A UE procura incessantemente reforçar a vigilância das
fronteiras externas, usando tecnologias cada vez mais dispendiosas. São
eficazes? E quem é que, nas nossas democracias, controla os controladores? São
estas as perguntas que coloca o Groene Amsterdammer.
"Não há alternativa", dizia Franco Frattini,
comissário europeu responsável pela Justiça, Liberdade e Segurança, há quatro
anos, ao Parlamento Europeu. Uma vez que os criminosos têm melhor tecnologia do
que nós, anunciou dois projetos. O primeiro previa a monitorização contínua de
todas as fronteiras externas, incluindo recurso a “drones”, para detetar
imigrantes no mar. A segunda propunha a criação de "fronteiras
inteligentes", para reconhecimento biométrico de todas as pessoas que
entram e saem da Europa.
O primeiro projeto, Eurosur (sistema europeu de vigilância de fronteiras),
previsto para arrancar em 1 de outubro de 2013, está presentemente a ser
examinado pelo Parlamento Europeu. "Os Estados-membros deverão criar um
centro que coordene todas as atividades de vigilância de fronteiras por parte
da polícia, das alfândegas e da Marinha", explica Erik Berglund, diretor
responsável pelo reforço das capacidades da Frontex – Agência Europeia de Gestão da Cooperação
Operacional nas Fronteiras Externas, sedeada em Varsóvia. "Até aqui, a
partilha de informação é feita numa base voluntária."
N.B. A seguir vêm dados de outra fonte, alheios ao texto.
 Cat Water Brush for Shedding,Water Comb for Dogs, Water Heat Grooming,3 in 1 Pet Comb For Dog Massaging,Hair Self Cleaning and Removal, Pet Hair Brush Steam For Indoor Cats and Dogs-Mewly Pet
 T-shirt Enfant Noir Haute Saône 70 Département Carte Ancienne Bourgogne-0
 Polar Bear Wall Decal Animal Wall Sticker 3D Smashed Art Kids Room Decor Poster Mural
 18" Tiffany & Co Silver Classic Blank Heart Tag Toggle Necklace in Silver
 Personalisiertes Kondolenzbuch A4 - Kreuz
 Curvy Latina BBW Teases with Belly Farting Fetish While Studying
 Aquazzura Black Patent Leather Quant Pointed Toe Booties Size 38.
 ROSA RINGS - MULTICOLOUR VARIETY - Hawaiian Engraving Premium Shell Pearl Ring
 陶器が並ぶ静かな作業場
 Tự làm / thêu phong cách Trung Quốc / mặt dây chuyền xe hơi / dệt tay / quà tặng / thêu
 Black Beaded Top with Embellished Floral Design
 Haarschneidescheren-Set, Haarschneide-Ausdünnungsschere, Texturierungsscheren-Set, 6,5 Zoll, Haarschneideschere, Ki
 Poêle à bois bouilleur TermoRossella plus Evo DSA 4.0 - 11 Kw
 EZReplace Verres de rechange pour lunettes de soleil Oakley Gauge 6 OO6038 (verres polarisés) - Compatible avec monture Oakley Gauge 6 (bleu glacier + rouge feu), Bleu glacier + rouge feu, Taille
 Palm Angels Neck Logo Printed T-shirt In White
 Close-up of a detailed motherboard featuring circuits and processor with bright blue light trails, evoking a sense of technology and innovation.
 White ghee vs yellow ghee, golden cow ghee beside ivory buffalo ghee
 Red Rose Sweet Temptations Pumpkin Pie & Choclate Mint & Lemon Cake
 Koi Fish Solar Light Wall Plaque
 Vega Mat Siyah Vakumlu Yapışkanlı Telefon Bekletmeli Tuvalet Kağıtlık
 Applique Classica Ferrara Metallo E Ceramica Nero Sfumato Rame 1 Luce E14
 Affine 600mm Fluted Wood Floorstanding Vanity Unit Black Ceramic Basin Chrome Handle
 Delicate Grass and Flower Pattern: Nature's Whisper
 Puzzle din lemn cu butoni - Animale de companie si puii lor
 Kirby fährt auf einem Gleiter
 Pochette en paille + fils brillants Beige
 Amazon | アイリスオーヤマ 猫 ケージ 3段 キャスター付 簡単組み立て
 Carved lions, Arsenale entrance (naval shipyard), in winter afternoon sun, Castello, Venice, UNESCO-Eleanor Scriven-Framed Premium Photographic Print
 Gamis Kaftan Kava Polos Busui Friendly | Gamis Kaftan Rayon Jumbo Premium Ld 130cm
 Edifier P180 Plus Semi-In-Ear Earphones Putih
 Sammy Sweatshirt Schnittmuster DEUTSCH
O Eurosur tem um objetivo triplo, salienta Berglund:
"Detetar imigrantes ilegais, lutar contra o crime internacional e salvar
os refugiados que fogem de barco." Segundo as organizações
não-governamentais, este último aspeto é sobretudo um argumento promocional.
"A Eurosur pode contribuir para a localização de barcos", considera
Stephan Kessler do Serviço Jesuíta para os Refugiados, em Bruxelas. "Mas
continua a não existir forma de saber a quem cabe recolher as pessoas e onde
devem procurar obter o estatuto de refugiado. No ano passado, Malta e Itália
discutiram durante cinco dias por causa de um barquinho que apanharam no mar."
“Fronteiras burras e inteligentes”
Segundo os autores de “Borderline”, um relatório elaborado a pedido
da Fundação Heinrich Böll, a Eurosur é um projeto incoerente dos pontos de vista
técnico e organizacional. "Os únicos que tentaram saber se o sistema vai
para a frente foi a Frontex e os fornecedores de tecnologia", sublinha
Mathias Vermeulen. Coautor do relatório, é especialista em Direito
Internacional no Instituto Universitário Europeu de Florença. "Não existe
nenhum organismo de fiscalização e a Comissão considera que o projeto irá
custar apenas 340 milhões de euros, até 2020; mas, pelos nossos cálculos,
prevemos que vá ser duas ou três vezes esse valor."
Hoje, é já impossível travar o processo em curso, considera
Mathias Vermeulen. Não é ainda o caso da proposta de "fronteiras
inteligentes", em estudo na Comissão. O seu porta-voz ainda não quis dizer
nada, mas já é sabido que está previsto um certo sistema de entrada e saída,
bem como um programa de registo de viajantes que visa simplificar os controlos
nas fronteiras a viajantes frequentes. Quanto aos viajantes não-europeus, os
seus dados serão todos armazenados, nomeadamente a data e local de entrada, o
endereço na UE para eventual contacto e todos os dados biométricos, como
impressões digitais e fotografia digital. Quando sai, a pessoa volta a ser
escrutinada, para que o sistema possa determinar quem permanece ilegalmente.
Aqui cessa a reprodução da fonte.